# What to do:
Copy out each line featuring the string "with" from the entries beneath.

# Source records:
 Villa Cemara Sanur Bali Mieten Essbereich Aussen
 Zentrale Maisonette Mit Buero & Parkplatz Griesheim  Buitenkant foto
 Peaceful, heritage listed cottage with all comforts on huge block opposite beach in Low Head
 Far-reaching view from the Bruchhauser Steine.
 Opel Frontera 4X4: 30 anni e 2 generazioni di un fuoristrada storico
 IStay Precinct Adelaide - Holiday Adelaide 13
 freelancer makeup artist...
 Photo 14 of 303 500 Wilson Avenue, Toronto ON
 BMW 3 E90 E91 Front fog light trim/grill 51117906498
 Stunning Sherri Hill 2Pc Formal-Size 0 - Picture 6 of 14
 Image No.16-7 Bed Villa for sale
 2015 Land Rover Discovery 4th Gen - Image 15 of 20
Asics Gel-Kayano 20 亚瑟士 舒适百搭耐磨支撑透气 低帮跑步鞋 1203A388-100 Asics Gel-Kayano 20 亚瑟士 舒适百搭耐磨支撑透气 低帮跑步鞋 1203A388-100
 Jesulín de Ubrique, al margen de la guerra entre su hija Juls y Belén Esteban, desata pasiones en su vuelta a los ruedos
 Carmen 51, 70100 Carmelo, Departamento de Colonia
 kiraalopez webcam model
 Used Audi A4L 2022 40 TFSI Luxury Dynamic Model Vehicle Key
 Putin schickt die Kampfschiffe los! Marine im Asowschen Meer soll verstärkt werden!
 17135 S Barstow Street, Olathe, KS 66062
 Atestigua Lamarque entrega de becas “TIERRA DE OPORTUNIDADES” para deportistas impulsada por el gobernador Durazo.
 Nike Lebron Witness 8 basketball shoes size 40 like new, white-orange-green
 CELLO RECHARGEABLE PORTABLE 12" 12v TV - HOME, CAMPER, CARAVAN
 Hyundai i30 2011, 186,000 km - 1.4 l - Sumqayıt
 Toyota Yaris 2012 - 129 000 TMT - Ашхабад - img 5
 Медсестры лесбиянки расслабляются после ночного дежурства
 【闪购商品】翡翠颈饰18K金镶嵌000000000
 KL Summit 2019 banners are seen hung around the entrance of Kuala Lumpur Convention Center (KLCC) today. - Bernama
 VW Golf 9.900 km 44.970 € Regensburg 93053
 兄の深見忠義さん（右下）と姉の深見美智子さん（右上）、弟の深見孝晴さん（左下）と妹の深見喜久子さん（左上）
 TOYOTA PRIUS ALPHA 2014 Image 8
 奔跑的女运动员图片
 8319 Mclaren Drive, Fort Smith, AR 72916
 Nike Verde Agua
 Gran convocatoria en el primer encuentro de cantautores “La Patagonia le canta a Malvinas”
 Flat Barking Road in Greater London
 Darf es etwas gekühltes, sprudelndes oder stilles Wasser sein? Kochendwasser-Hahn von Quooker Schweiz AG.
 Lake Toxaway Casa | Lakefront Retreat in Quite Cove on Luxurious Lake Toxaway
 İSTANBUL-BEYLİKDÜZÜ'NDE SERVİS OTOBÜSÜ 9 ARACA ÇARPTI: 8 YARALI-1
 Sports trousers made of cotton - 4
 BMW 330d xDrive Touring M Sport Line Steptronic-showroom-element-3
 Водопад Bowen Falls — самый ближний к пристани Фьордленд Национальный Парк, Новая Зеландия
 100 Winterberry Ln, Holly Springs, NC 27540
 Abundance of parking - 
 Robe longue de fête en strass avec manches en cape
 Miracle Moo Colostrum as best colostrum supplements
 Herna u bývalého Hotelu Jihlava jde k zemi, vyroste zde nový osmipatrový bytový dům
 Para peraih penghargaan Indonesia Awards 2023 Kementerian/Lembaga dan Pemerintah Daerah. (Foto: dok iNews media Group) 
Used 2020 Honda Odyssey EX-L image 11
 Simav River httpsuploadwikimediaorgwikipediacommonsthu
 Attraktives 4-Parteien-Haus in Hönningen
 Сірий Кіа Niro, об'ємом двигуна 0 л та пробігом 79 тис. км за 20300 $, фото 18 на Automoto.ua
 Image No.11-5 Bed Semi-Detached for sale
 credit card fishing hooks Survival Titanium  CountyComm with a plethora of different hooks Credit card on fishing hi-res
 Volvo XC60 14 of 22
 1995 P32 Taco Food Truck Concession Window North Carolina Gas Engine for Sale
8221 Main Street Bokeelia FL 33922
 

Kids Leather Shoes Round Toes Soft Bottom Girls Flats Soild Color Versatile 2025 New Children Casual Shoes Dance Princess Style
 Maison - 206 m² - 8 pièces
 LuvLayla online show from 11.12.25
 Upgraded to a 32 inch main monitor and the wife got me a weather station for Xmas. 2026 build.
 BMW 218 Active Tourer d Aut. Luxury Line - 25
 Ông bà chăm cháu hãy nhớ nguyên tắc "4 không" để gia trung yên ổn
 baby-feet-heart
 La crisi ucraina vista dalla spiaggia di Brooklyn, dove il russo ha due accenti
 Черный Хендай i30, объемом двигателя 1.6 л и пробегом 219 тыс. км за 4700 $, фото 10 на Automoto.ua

# Expected answer:
 Peaceful, heritage listed cottage with all comforts on huge block opposite beach in Low Head
 credit card fishing hooks Survival Titanium  CountyComm with a plethora of different hooks Credit card on fishing hi-res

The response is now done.